WBCで大会連覇を目指した日本代表は14日(日本時間15日)の準々決勝でベネズエラに敗退し、決戦の地となったマイアミで解散した。

 日本国内でプレーするNPB勢は試合後に帰国の途に就いたが、6度目のWBC開催で侍ジャパンがベスト8で姿を消したのは史上最速の屈辱。一方、今月25日(日本時間26日)に開幕が迫るMLBの視点から見れば〝歓迎〟すべき面もあるようだ。

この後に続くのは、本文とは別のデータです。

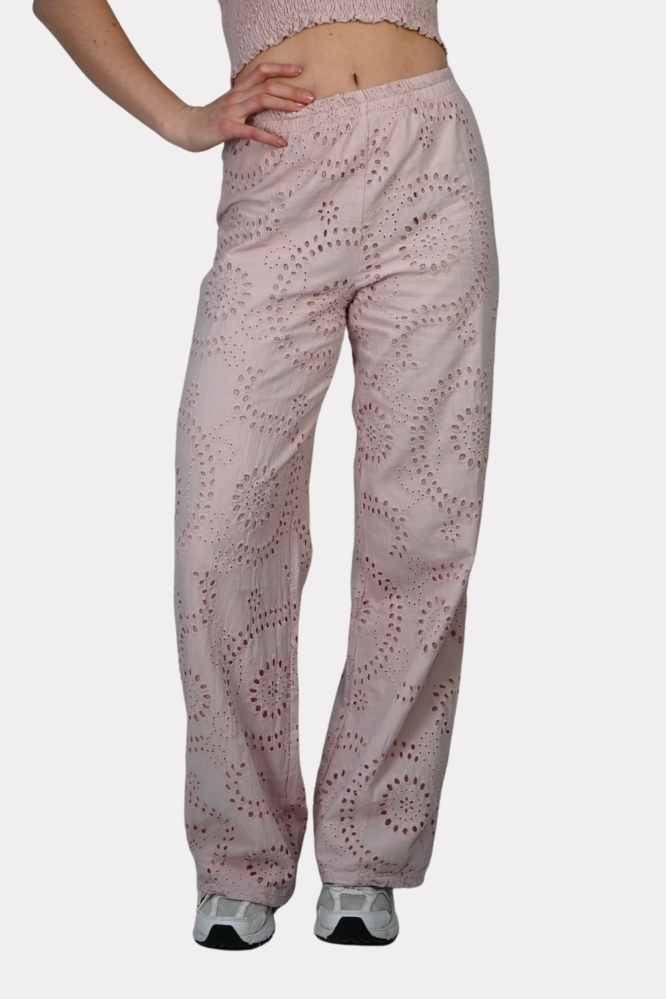 Valencia pants - baby roze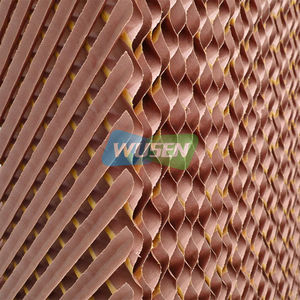 แผ่นทำความ<span class=keywords><strong>เย็น</strong></span>แบบรังผึ้ง WUSEN รุ่นใหม่ (กระดาษคราฟท์) คุณภาพดี <span class=keywords><strong>ราคา</strong></span>สุดคุ้ม รับประกัน 1 ปี เหมาะสำหรับฟาร์มสัตว์ปีก โรงเรือนเพาะชำ และโรงงาน - Product Image 3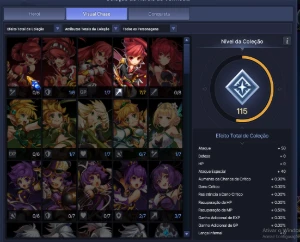 Conta end game grand chase(classic pc)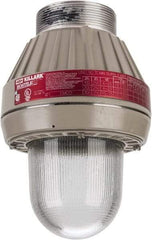 Hubbell Killark - 120 VAC, 100, 150, 200 & 300 Watt, Incandescent Hazardous Location Light Fixture - Corrosion, Dirt, Dust, Moisture & Vibration Resistant, Aluminum Housing - Industrial Tool & Supply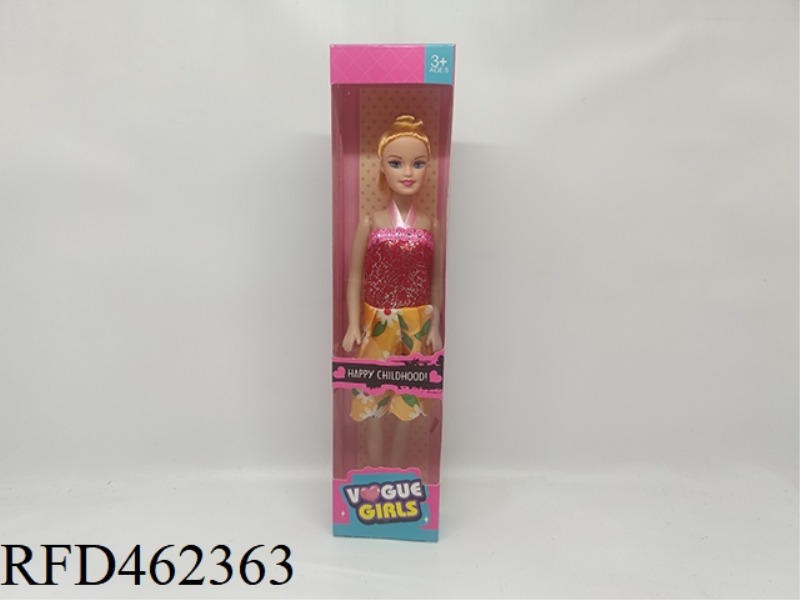 11 INCH EMPTY BARBIE DOLL
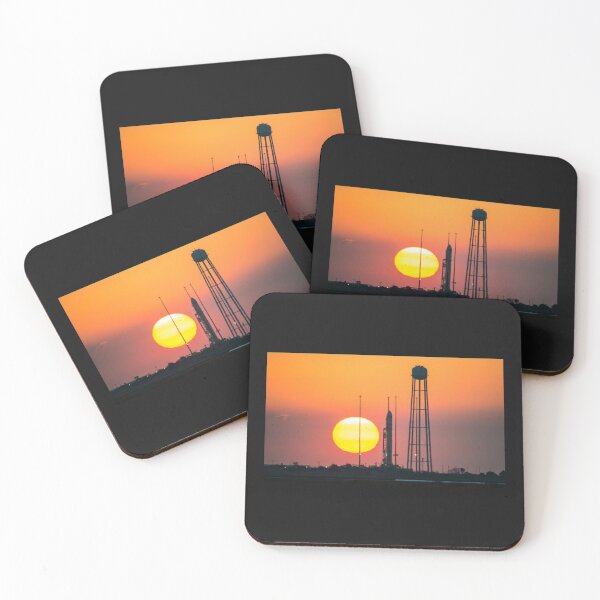 Item preview, Antares Rocket at Sunrise   designed and sold by NonBasicshop.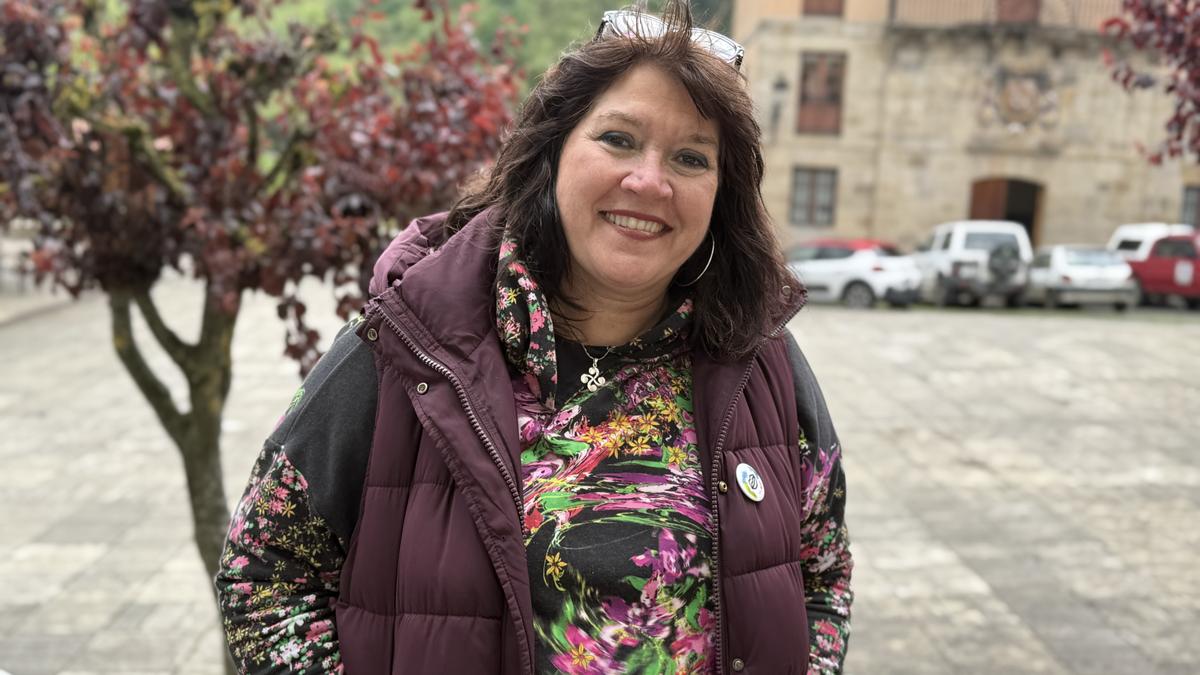 Sara de Salterain: "Helmuga Leintz Gatzaga izango ez balitz, Uruguain geratuko nintzateke"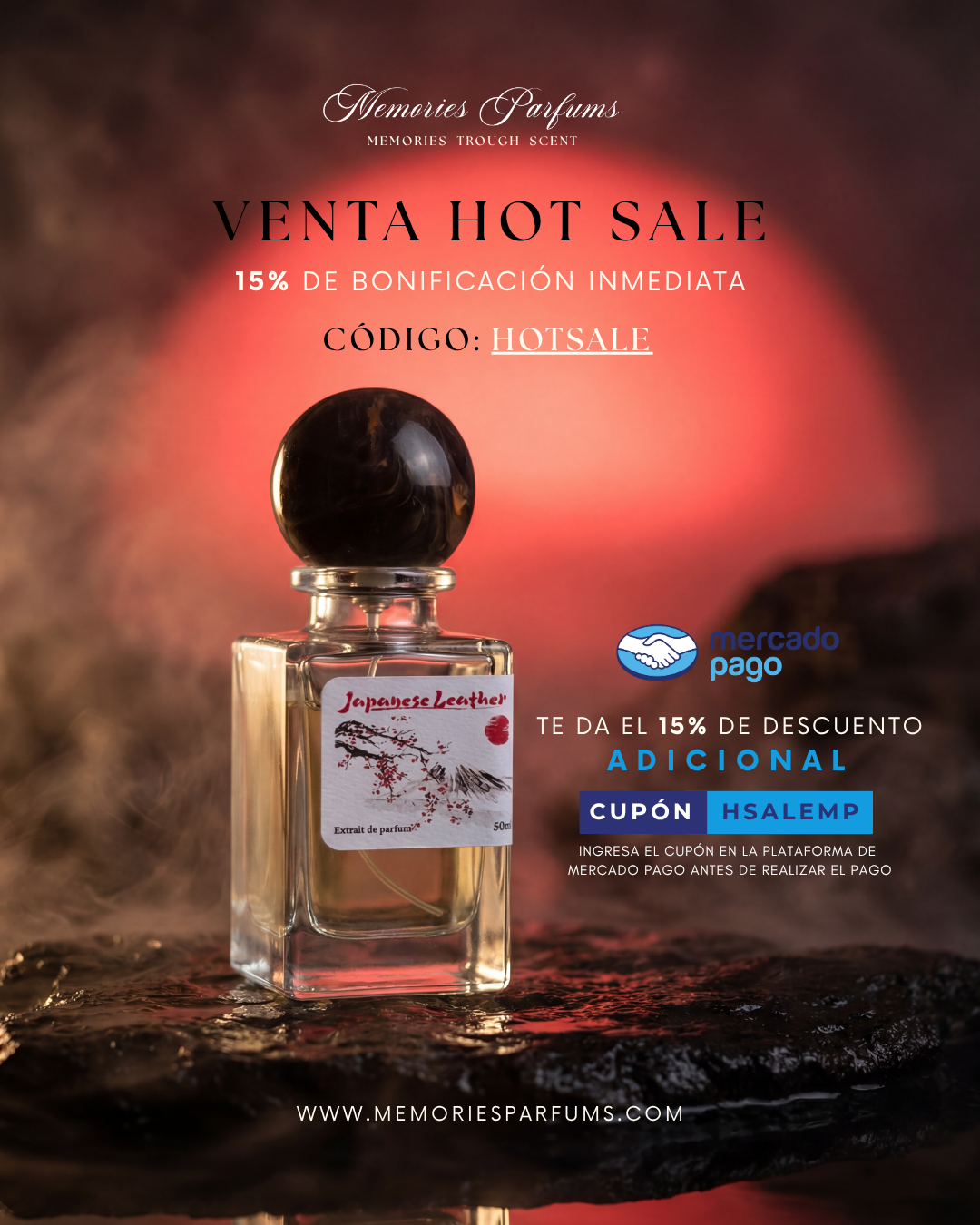 Venta Hot Sale Memories Parfums México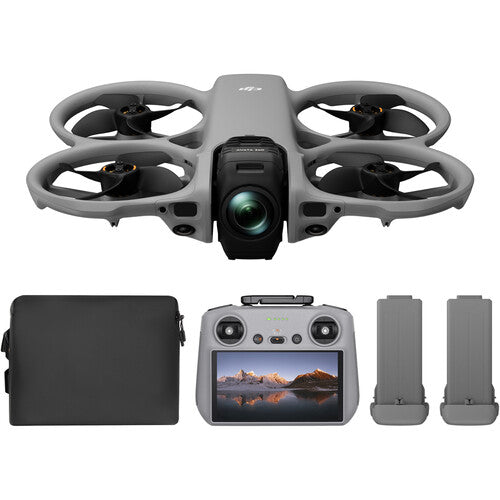 Drone Dji Avata 360 Fly More Combo com Tela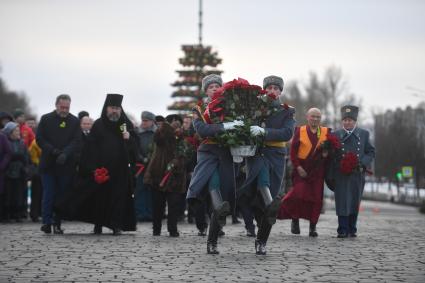 82-я годовщина прорыва блокады Ленинграда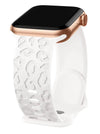 Leopard Silikon Armband - in verschiedenen Farben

米メディア「FANSIDED」は予期せぬ早期終戦となった大谷翔平(31=ドジャース)に着目し、15日(同16日)に「大谷翔平とドジャースは依然としてWBC最大の勝者だ」と報じた。

 理由は明快。大谷は今大会で計4試合に出場して打率4割6分2厘、3本塁打、7打点、OPS1.842と圧巻の打撃を見せつけながら、無傷でドジャースに再合流するからだ。

 同メディアは「日本代表チームは優勝への道が途絶えたものの、大谷とドジャースにとっては4度のMVP受賞者がWBCをケガなく乗り越えられた点でやはり勝利といえる」とピシャリ。前回の2023年大会ではプエルトリコ代表で出場したディアス(当時メッツ)が歓喜の輪の中で右ヒザに重傷を負い、シーズンを丸ごと棒に振った。そうした例も含め「大谷がヒザやヒジを痛め、開幕から負傷者リストに入っていたらどうだっただろうか。7月までシーズンデビューできなければ、オールスターブレークまでに首位に立てただろうか」と好材料と受け止めている。

 さらに「カブスの外野手、鈴木誠也が二塁へのスライディング後に右ヒザに違和感を覚え、初回終了時に退場したことを思い出してほしい」とも指摘。鈴木は全力プレーの結果、負傷交代を余儀なくされ、所属先のカブスに暗雲が垂れ込めている。

 今季の大谷はドジャースでは初めて開幕から二刀流で臨む予定。ワールドシリーズ3連覇には投打で欠かせない巨大戦力だ。それだけに「ドジャースのワールドシリーズ連覇にウンザリしている野球ファンは別の反応を示すかもしれないが、大谷の偉大さを考えればそれだけの価値があるはずだ」と〝生還〟を好意的に伝えている。